┌────────
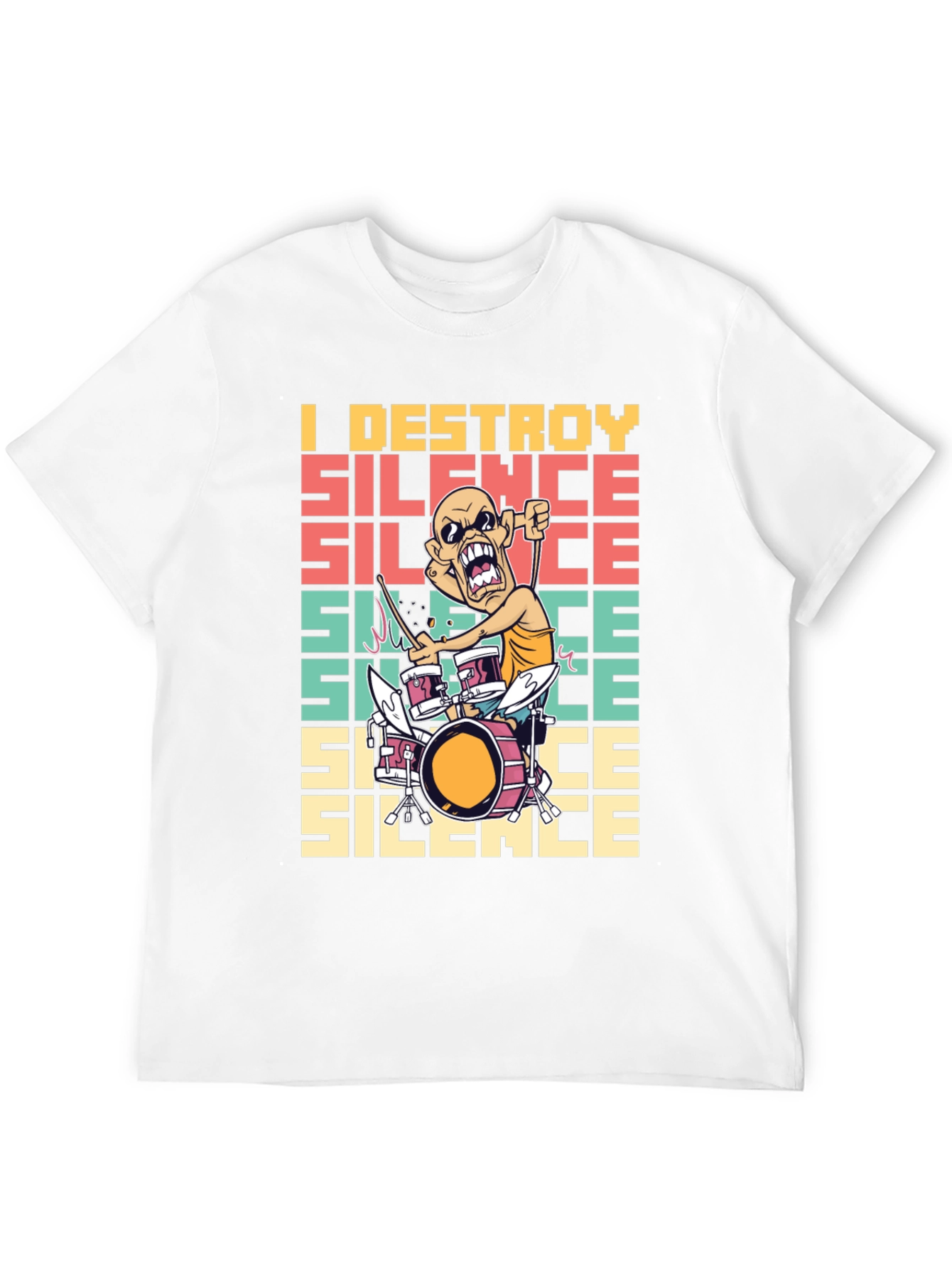 I Destroy Silence T-Shirt - Funny Drummer Tee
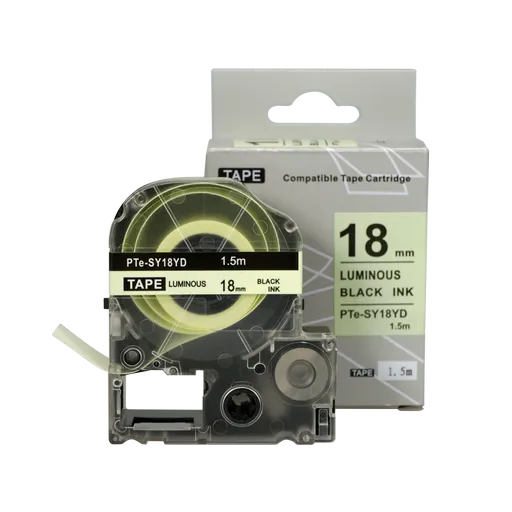 Epson SY18YD, 18mm x 1, 5m, černý tisk / luminiscenční bílý podklad, kompatibilní páska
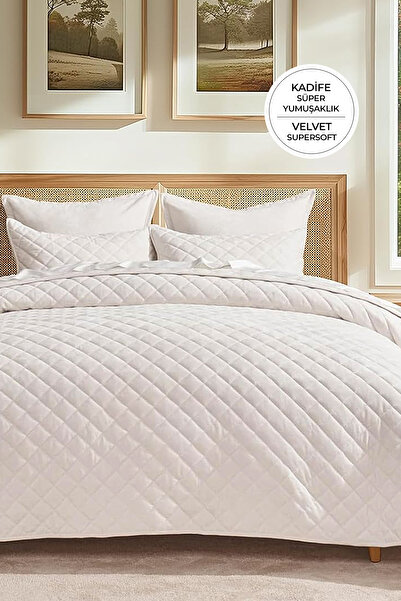Evlen Home Collection Velvet Bedspread Set - Double, Supersoft Quilted, 3 Pieces, Soft Fiber Filled, Off White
└────────
What you will do: Where pictures sit among the data above, omit them, and output the rest exactly.

Task result:
 I Destroy Silence T-Shirt - Funny Drummer Tee
 Epson SY18YD, 18mm x 1, 5m, černý tisk / luminiscenční bílý podklad, kompatibilní páska
Evlen Home Collection Velvet Bedspread Set - Double, Supersoft Quilted, 3 Pieces, Soft Fiber Filled, Off White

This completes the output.